At the IR Editors Showcase, we were presented with some challenging, excellent questions. I asked our outgoing and incoming genre editors to respond, and I’ve corralled their answers for you. Today, we have Fiction Editor Rachel Lyon, Poetry Editor Cate Lycurgus, and Nonfiction Editor Sarah Suksiri!
1. Why are literary journals significant?
RL: I think the most meaningful thing to me about lit journals is that they’re a way of forming community without necessarily sharing a space. We can read the work of other writers, and feel close to them, and participate in the dialogues that interest us with people whose work we respect, without being in the same city or state or country. Plus, because they are curated by editors who know something about what’s going on in their field, the quality of work tends to be higher.
CL: Literary publications are a testament to the power of the imagination and the power of language, both of which are undervalued, yet necessary parts of our lives–in order to innovate, to make sense of the nonsensical, to connect with others, to provide wonder or surprise or consolation or astonishment. Literary journals have the potential to find this expression and to share it.
SS: Journals are significant, because they make us keep asking this question.
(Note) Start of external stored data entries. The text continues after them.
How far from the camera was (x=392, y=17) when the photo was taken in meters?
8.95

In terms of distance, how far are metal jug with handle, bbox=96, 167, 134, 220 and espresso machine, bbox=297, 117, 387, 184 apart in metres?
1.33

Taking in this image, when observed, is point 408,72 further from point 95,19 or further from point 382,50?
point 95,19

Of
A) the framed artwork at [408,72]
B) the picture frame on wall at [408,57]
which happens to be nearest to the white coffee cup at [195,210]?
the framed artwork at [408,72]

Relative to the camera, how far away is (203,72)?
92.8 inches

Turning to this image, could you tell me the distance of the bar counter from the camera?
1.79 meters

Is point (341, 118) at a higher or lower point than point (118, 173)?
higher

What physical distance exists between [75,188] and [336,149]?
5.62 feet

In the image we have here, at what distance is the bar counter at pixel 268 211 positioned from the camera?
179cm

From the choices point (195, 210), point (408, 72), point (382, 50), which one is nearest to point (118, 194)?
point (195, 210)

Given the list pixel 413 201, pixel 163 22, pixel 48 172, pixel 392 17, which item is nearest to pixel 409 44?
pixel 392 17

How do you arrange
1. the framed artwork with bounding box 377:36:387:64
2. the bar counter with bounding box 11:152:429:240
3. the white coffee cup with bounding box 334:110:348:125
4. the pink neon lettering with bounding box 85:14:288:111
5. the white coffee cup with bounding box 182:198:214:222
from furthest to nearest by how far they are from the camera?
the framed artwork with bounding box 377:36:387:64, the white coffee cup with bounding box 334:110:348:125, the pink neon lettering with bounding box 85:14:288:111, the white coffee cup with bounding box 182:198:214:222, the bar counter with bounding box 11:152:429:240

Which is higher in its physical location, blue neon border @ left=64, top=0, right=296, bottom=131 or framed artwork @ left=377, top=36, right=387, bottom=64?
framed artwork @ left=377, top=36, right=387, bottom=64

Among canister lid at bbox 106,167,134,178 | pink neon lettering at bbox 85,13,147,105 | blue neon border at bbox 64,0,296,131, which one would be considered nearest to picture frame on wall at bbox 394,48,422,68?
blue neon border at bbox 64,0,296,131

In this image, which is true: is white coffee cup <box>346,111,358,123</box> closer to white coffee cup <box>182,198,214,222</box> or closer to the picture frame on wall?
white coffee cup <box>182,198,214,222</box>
Seriously, what other line of work and craft is there where the participants keep asking themselves, “Is anything that we’re doing relevant?” The fact that we (journals) are so concerned with what it is that moves and thrums in the world is part of what makes us relevant.
2. What do you think about their future?
RL: As long as people write, there will be journals; people will always write, so there will always be journals. The state of printed matter may change, paper may no longer be the medium of choice, but the periodical will persist. If anything, I think the number of small journals has increased even as many large, for-profit magazines collapse. I suspect that trend will continue, and that as more journals pop up they will begin to serve more and more rarefied niche audiences in order to make space for themselves in a vast, variegated landscape.
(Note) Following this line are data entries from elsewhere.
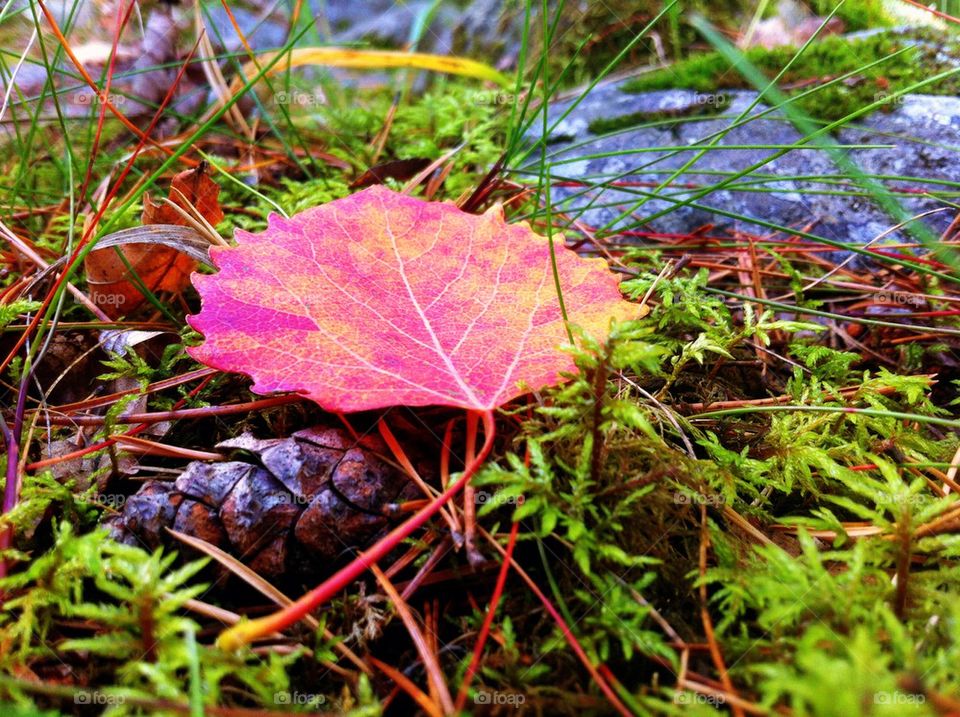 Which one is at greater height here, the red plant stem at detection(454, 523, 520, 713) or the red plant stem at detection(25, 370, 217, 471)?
the red plant stem at detection(25, 370, 217, 471)

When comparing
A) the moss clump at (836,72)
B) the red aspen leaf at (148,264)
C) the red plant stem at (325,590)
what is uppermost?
the moss clump at (836,72)

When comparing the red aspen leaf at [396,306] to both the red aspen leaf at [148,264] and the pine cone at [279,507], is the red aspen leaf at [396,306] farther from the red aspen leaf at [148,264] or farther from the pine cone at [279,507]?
the red aspen leaf at [148,264]

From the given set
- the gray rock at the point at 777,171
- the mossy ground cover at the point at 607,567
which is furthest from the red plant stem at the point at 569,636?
the gray rock at the point at 777,171

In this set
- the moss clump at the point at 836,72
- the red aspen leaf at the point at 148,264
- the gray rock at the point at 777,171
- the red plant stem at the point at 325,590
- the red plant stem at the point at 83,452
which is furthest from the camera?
the moss clump at the point at 836,72

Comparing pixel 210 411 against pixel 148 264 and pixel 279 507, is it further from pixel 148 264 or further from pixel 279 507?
pixel 148 264

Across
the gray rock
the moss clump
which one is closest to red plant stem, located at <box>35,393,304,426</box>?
the gray rock

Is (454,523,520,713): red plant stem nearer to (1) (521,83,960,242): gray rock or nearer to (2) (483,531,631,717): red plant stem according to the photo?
(2) (483,531,631,717): red plant stem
CL: I think there will always be people for whom stories and poems and words matter. I also think there will be people who want to hold and read a physical book. On the other hand, it’s crucial for journals to recognize that today’s financial and technical realities make print journals an ever-more challenging proposition. Journals themselves will need to be creative in the strategies for disseminating their gems.
SS: Journals will engage their digital alter-egos more intelligently and elegantly; their print counterparts will become more elegant and efficient, embracing their irreplaceable role as art and artifact. The whole idea of what constitutes a “publication” will evolve magnificently.
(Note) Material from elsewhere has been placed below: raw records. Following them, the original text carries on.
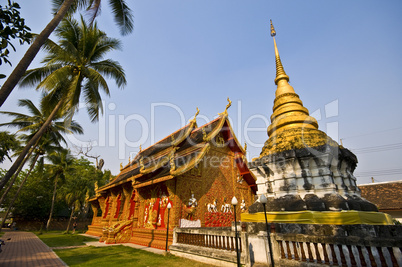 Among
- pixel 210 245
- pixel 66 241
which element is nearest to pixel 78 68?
pixel 210 245

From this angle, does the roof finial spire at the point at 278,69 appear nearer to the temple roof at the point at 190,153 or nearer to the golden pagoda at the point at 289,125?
the golden pagoda at the point at 289,125

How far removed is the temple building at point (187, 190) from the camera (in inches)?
389

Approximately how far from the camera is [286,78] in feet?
24.7

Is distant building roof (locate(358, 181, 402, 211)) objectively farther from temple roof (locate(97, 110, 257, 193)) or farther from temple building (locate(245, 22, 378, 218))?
temple building (locate(245, 22, 378, 218))

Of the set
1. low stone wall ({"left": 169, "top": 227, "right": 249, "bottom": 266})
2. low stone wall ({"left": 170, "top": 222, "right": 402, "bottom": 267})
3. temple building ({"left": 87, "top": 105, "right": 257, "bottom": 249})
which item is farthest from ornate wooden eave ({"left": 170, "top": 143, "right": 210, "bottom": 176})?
low stone wall ({"left": 170, "top": 222, "right": 402, "bottom": 267})

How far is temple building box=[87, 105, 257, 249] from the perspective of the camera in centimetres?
988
3. What are some of your favorite journals?
RL: Geist, Works in Progress, One Story, Zoetrope, Alimentum . . . there are so many.
CL: Crazyhorse, A Public Space, DIAGRAM, The Sun, Gulf Coast, Poetry, especially the December issues!
SS: Currently: Narrative Magazine, Brevity, Armchair/Shotgun.
4. What is the last thing you read that you deeply loved/that undid you/that made you want to write RIGHT THEN?
RL: I was deeply inspired by Nathan Englander’s story “What We Talk About When We Talk About Anne Frank” (from his eponymous collection), which came out in The New Yorker last year. I am just so impressed with the way he used Raymond Carver’s “What We Talk About When We Talk About Love” thematically and structurally, without letting his story become at all derivative. His work is clever without being insincere, and has a kind of spare clarity that recalls Carver without imitating him. That story made me think a lot about how we pay homage to the writers we love. I ended up using it as a kind of guide while working on a piece I wrote for the Flannery O’Connor colloquium we had here, called “Good City People.”
CL: A few poems in Todd Boss’s Pitch. Or Brenda Hillman’s Practical Water. Although I was so blown away and intimidated by that one, I don’t know that I could have picked up a pen!
SS: Anything by Gerald Stern or Steve Scafidi or Gianni Celati.